** Supplied material follows **

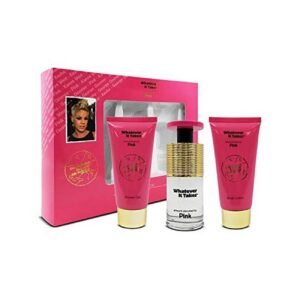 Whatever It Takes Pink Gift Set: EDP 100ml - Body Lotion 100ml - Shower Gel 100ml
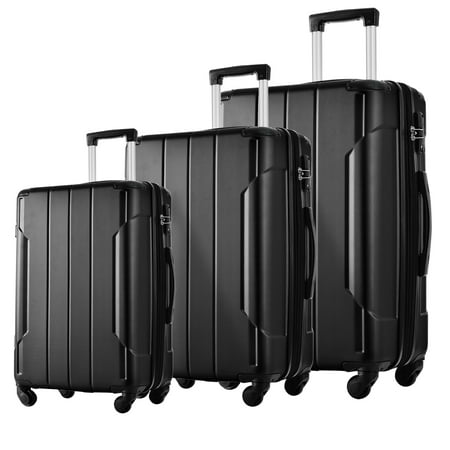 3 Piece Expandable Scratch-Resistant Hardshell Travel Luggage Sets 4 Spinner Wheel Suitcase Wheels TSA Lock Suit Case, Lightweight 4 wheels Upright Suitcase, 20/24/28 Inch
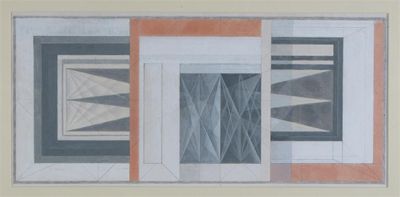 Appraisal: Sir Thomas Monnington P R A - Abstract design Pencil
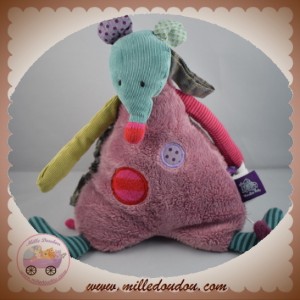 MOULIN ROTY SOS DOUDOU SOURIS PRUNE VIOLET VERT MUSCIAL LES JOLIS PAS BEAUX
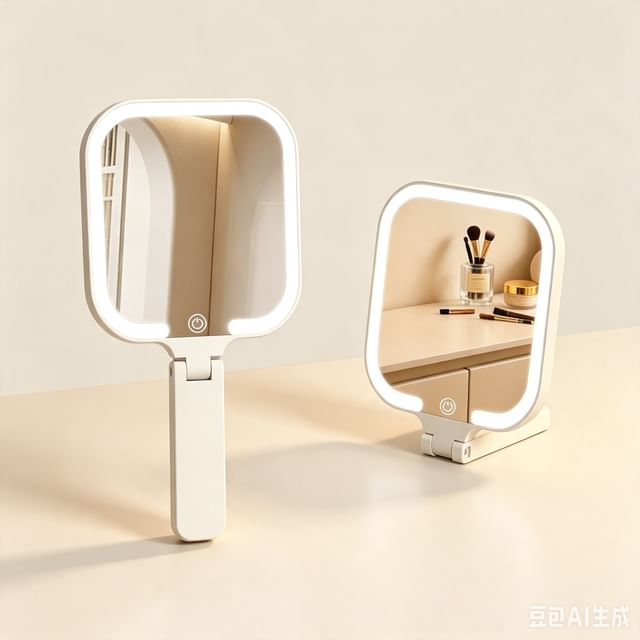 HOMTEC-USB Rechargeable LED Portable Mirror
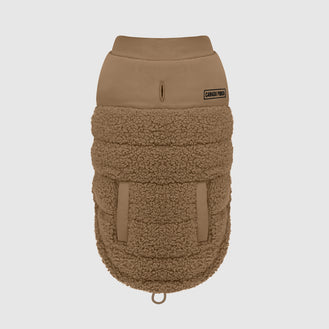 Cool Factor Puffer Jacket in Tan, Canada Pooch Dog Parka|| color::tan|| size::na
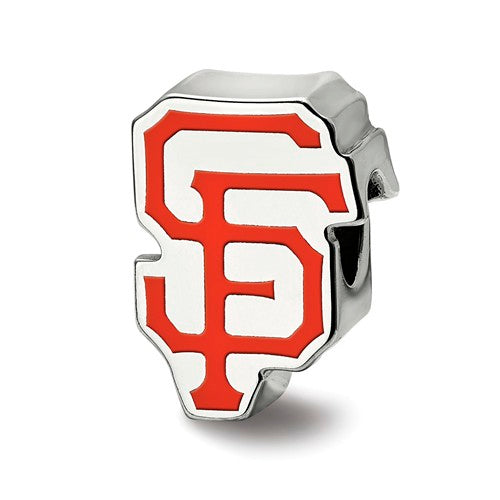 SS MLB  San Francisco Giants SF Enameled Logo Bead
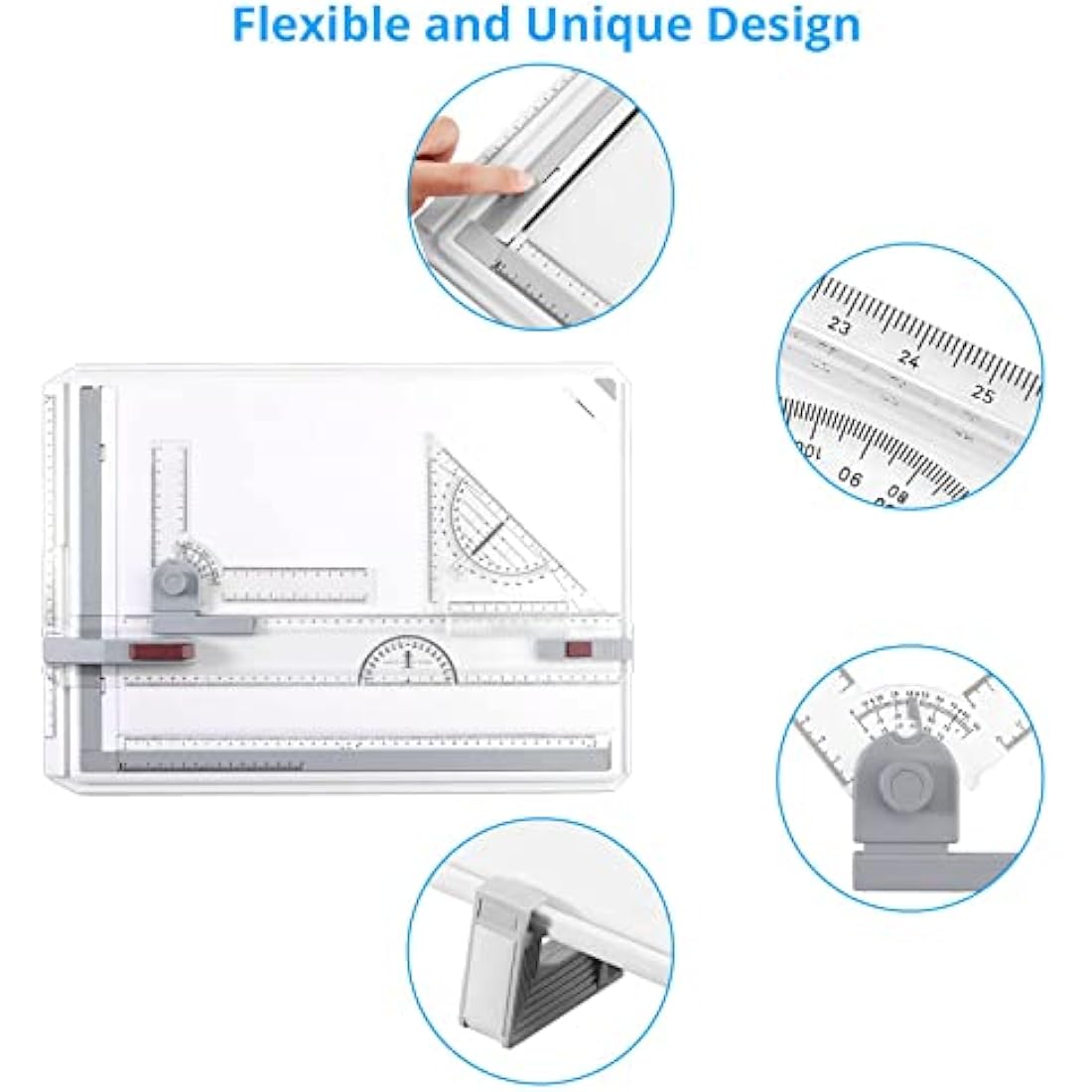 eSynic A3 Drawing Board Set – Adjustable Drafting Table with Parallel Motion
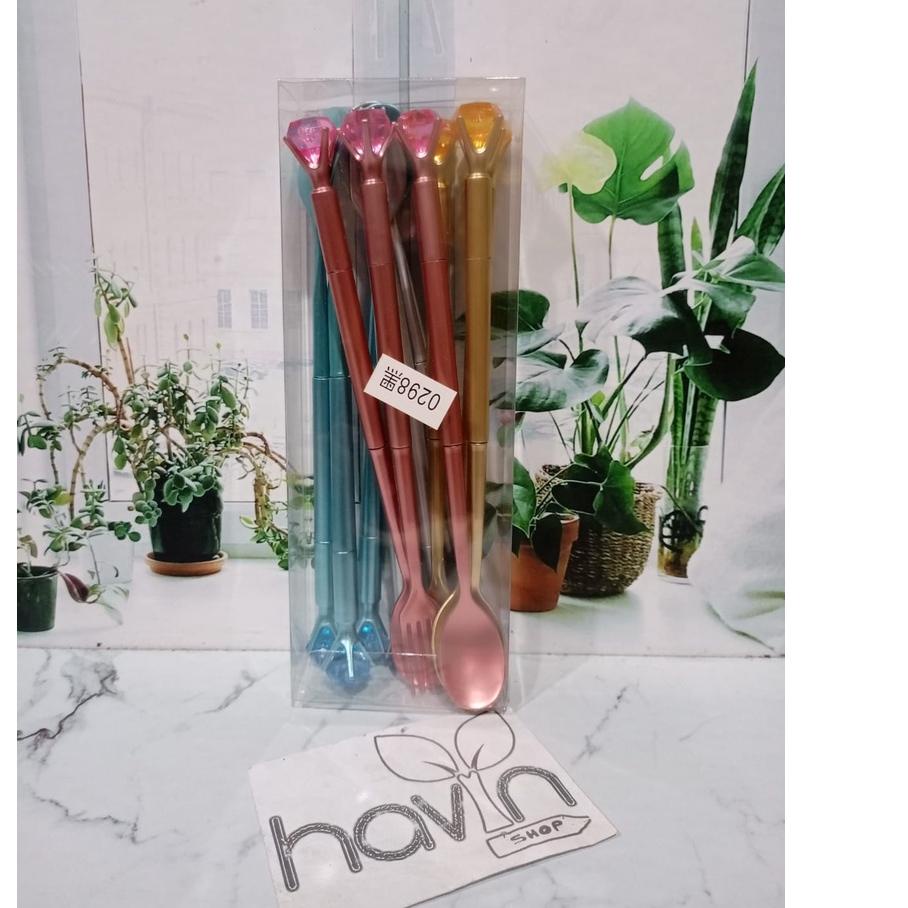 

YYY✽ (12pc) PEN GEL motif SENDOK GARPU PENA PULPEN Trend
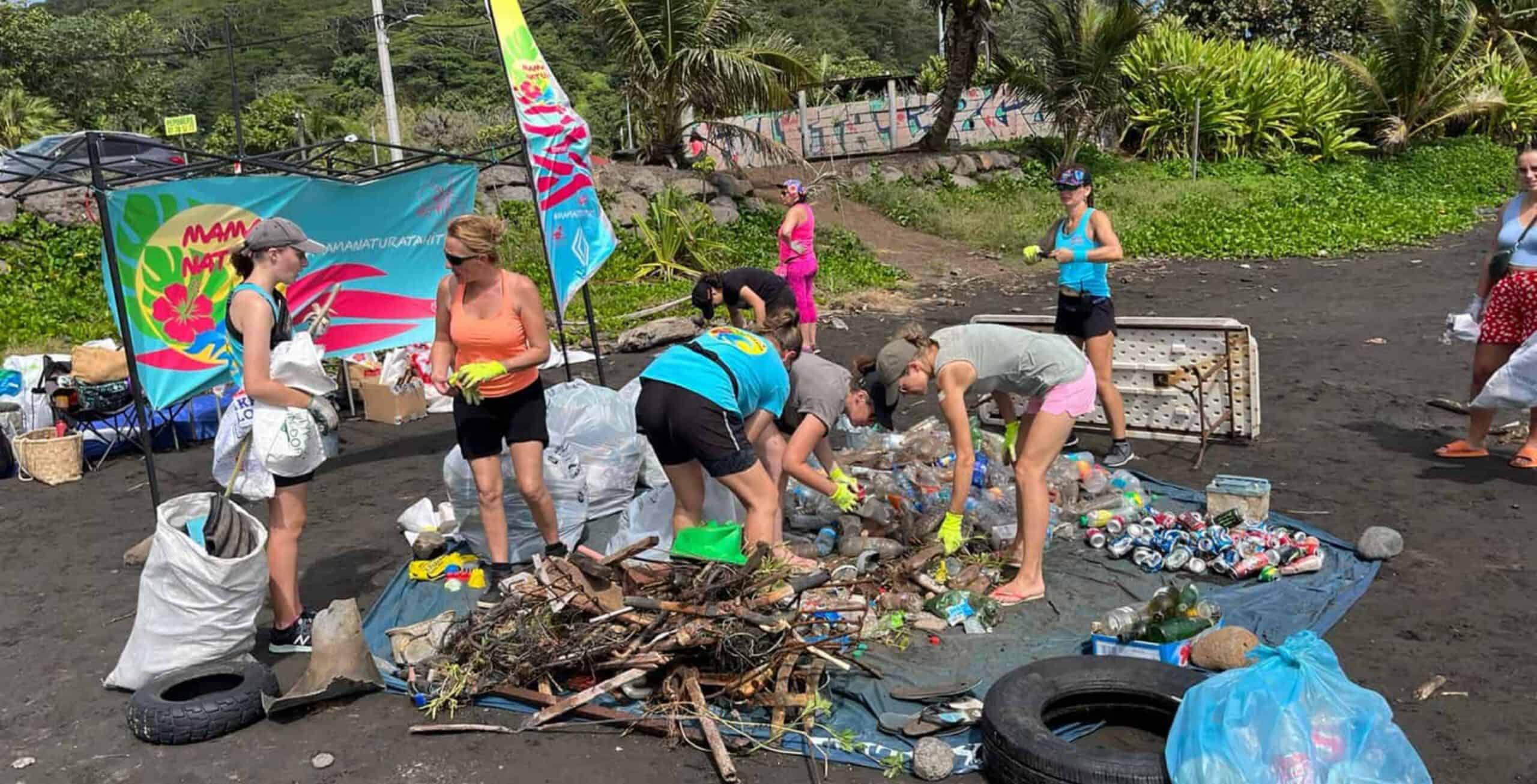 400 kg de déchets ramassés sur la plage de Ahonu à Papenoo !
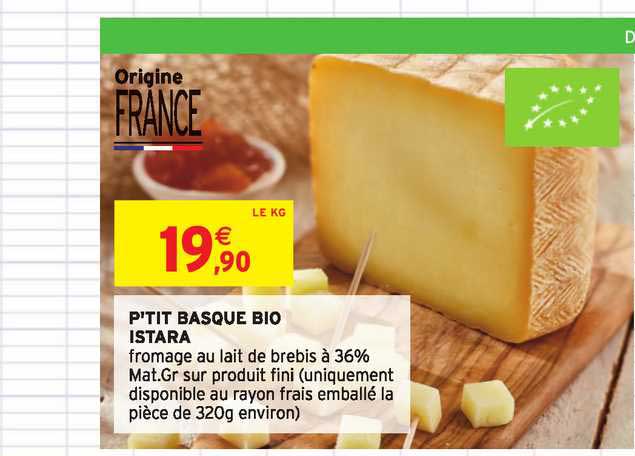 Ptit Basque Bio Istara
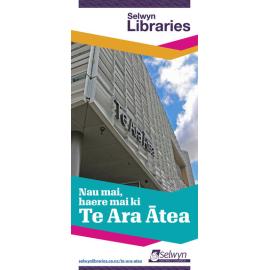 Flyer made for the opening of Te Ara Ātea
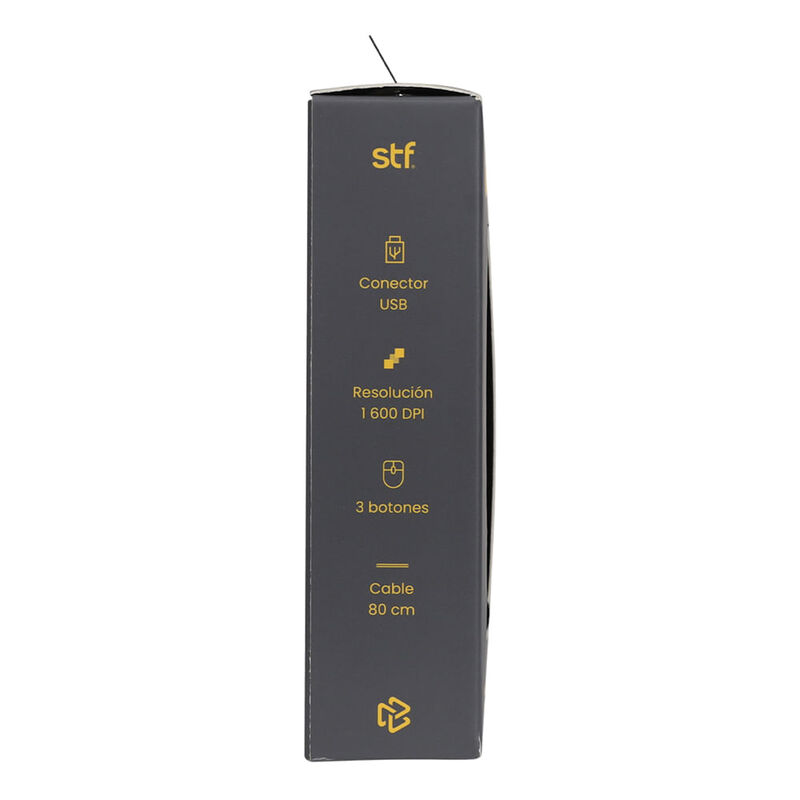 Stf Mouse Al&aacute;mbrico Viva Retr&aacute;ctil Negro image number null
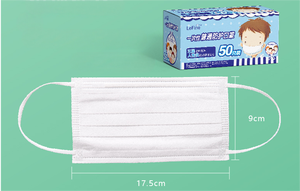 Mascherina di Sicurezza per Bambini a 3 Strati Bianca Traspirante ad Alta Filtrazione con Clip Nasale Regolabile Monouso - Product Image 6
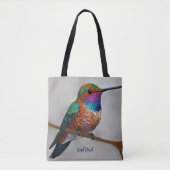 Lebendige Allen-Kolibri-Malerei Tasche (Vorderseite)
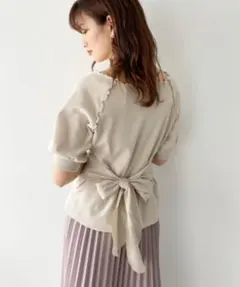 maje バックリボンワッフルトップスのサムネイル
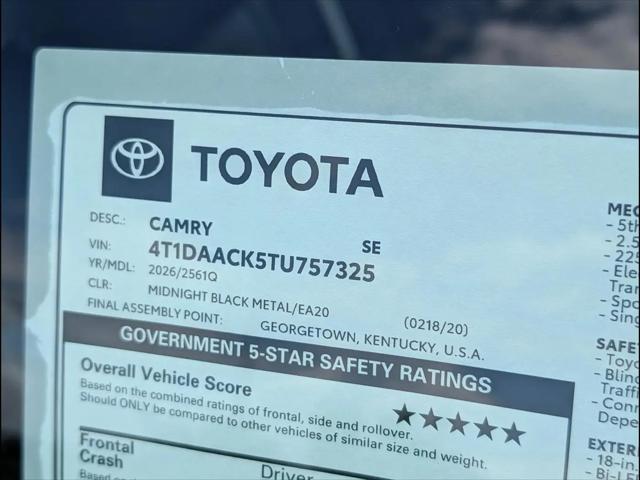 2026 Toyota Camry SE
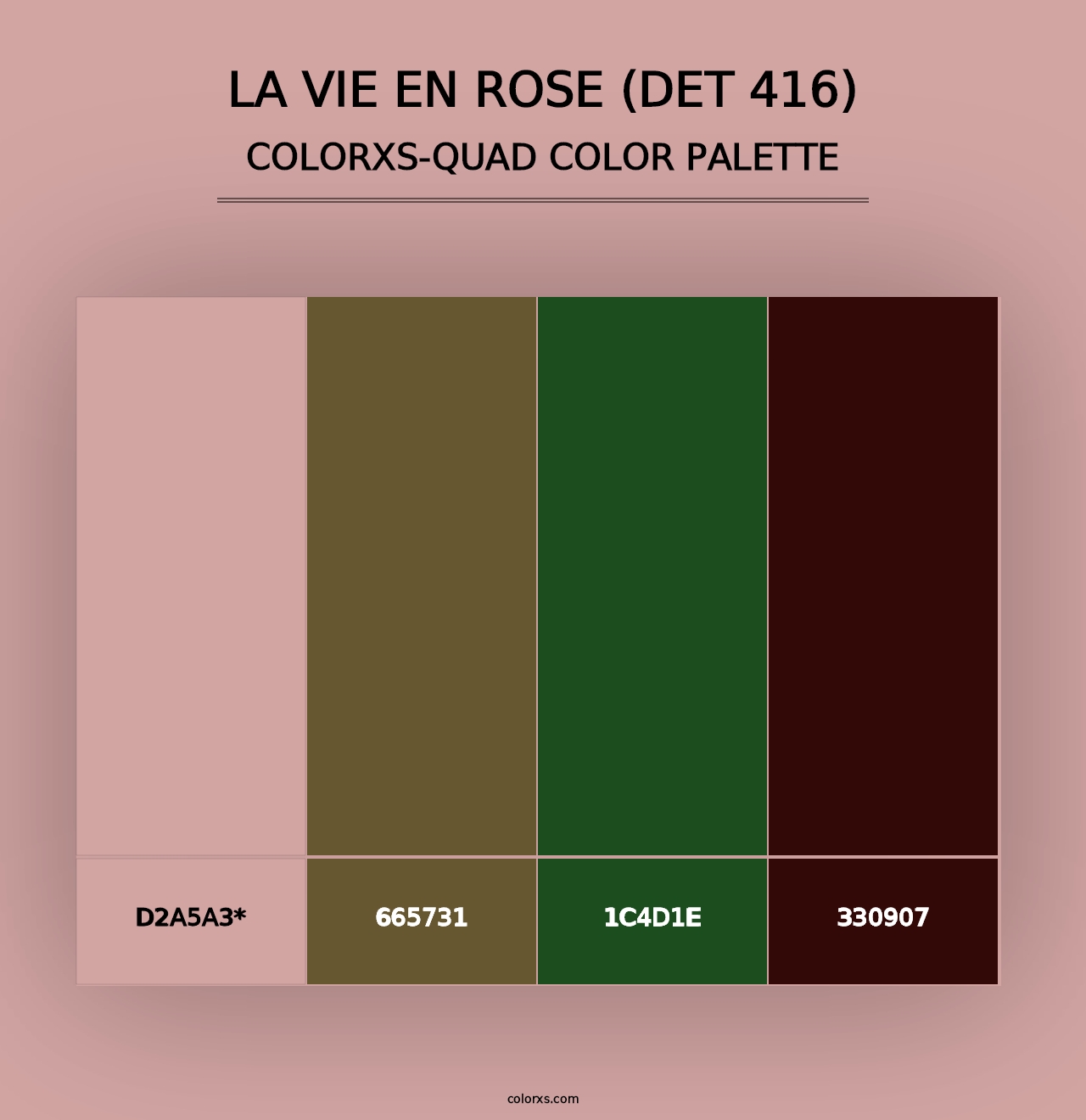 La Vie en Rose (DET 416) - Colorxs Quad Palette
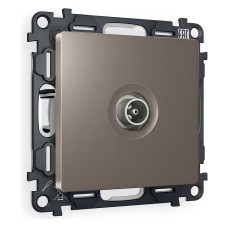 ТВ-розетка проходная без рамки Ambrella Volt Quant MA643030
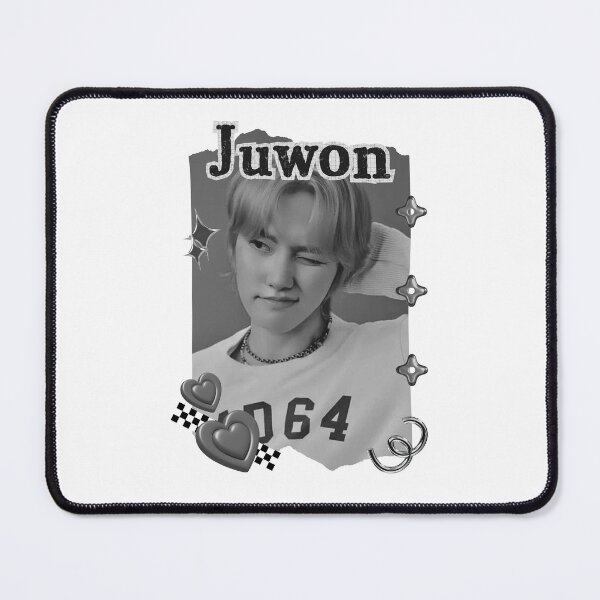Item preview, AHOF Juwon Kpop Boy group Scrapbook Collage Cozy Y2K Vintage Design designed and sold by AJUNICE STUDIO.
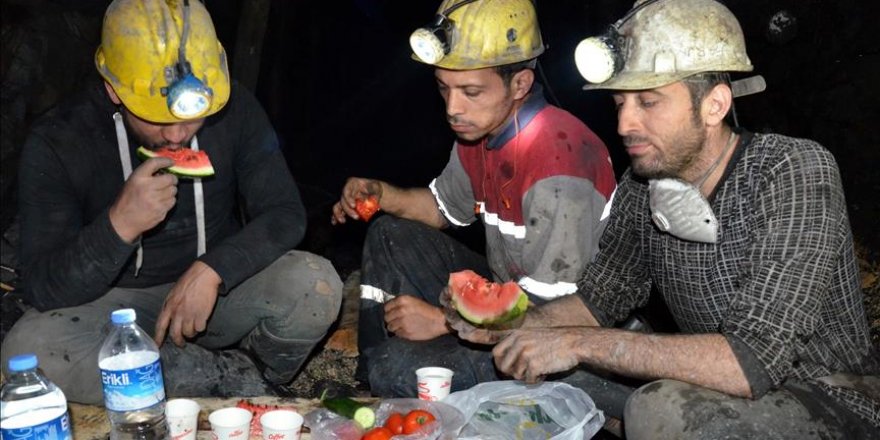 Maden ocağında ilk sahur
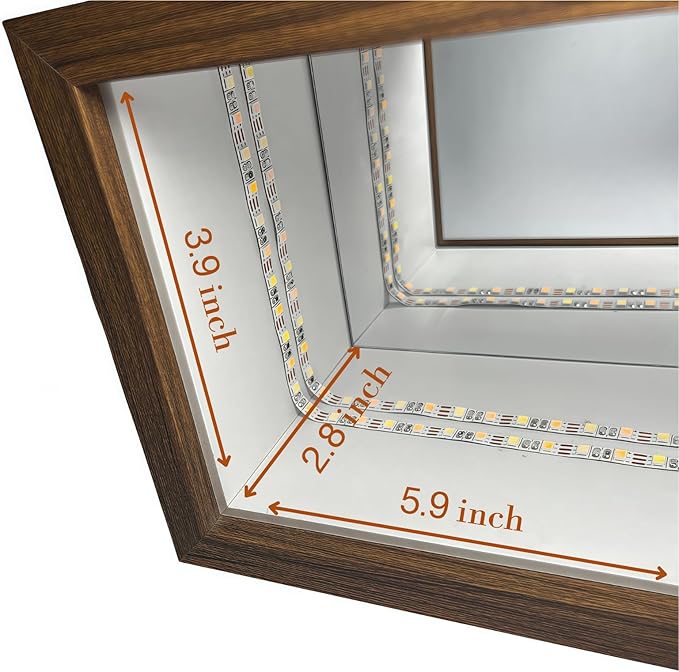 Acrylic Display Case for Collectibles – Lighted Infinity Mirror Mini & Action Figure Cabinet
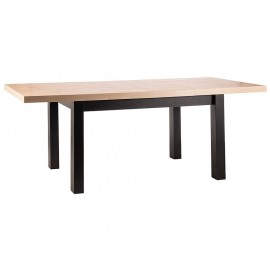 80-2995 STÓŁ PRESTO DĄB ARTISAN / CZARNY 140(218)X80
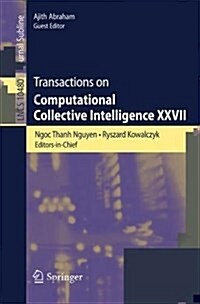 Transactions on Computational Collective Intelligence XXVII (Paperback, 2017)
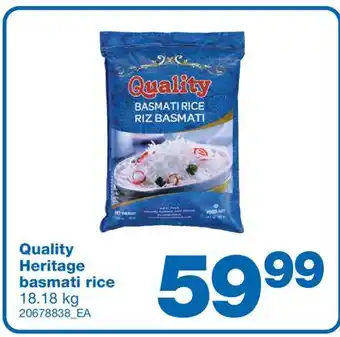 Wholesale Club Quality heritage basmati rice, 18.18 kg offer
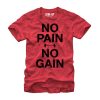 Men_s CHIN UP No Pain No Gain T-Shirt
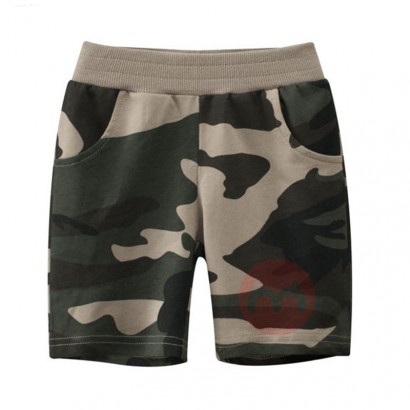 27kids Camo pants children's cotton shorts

** End of Supplied material **

> **Exercise goal**
A faithful, complete copy of the entries is required, without the pictures.

> **Result of the exercise**
 Whatever It Takes Pink Gift Set: EDP 100ml - Body Lotion 100ml - Shower Gel 100ml
 3 Piece Expandable Scratch-Resistant Hardshell Travel Luggage Sets 4 Spinner Wheel Suitcase Wheels TSA Lock Suit Case, Lightweight 4 wheels Upright Suitcase, 20/24/28 Inch
 Appraisal: Sir Thomas Monnington P R A - Abstract design Pencil
 MOULIN ROTY SOS DOUDOU SOURIS PRUNE VIOLET VERT MUSCIAL LES JOLIS PAS BEAUX
 HOMTEC-USB Rechargeable LED Portable Mirror
 Cool Factor Puffer Jacket in Tan, Canada Pooch Dog Parka|| color::tan|| size::na
 SS MLB  San Francisco Giants SF Enameled Logo Bead
 eSynic A3 Drawing Board Set – Adjustable Drafting Table with Parallel Motion

YYY✽ (12pc) PEN GEL motif SENDOK GARPU PENA PULPEN Trend
 400 kg de déchets ramassés sur la plage de Ahonu à Papenoo !
 Ptit Basque Bio Istara
 Flyer made for the opening of Te Ara Ātea
 Stf Mouse Al&aacute;mbrico Viva Retr&aacute;ctil Negro image number null
 Mascherina di Sicurezza per Bambini a 3 Strati Bianca Traspirante ad Alta Filtrazione con Clip Nasale Regolabile Monouso - Product Image 6
 Lebendige Allen-Kolibri-Malerei Tasche (Vorderseite)
 maje バックリボンワッフルトップスのサムネイル
 2026 Toyota Camry SE
 La Vie en Rose (DET 416) - Colorxs Quad Palette
 ТВ-розетка проходная без рамки Ambrella Volt Quant MA643030
Item preview, AHOF Juwon Kpop Boy group Scrapbook Collage Cozy Y2K Vintage Design designed and sold by AJUNICE STUDIO.
 Maden ocağında ilk sahur
 Acrylic Display Case for Collectibles – Lighted Infinity Mirror Mini & Action Figure Cabinet
 80-2995 STÓŁ PRESTO DĄB ARTISAN / CZARNY 140(218)X80
 Transactions on Computational Collective Intelligence XXVII (Paperback, 2017)
 Wholesale Club Quality heritage basmati rice, 18.18 kg offer
 Men_s CHIN UP No Pain No Gain T-Shirt
 27kids Camo pants children's cotton shorts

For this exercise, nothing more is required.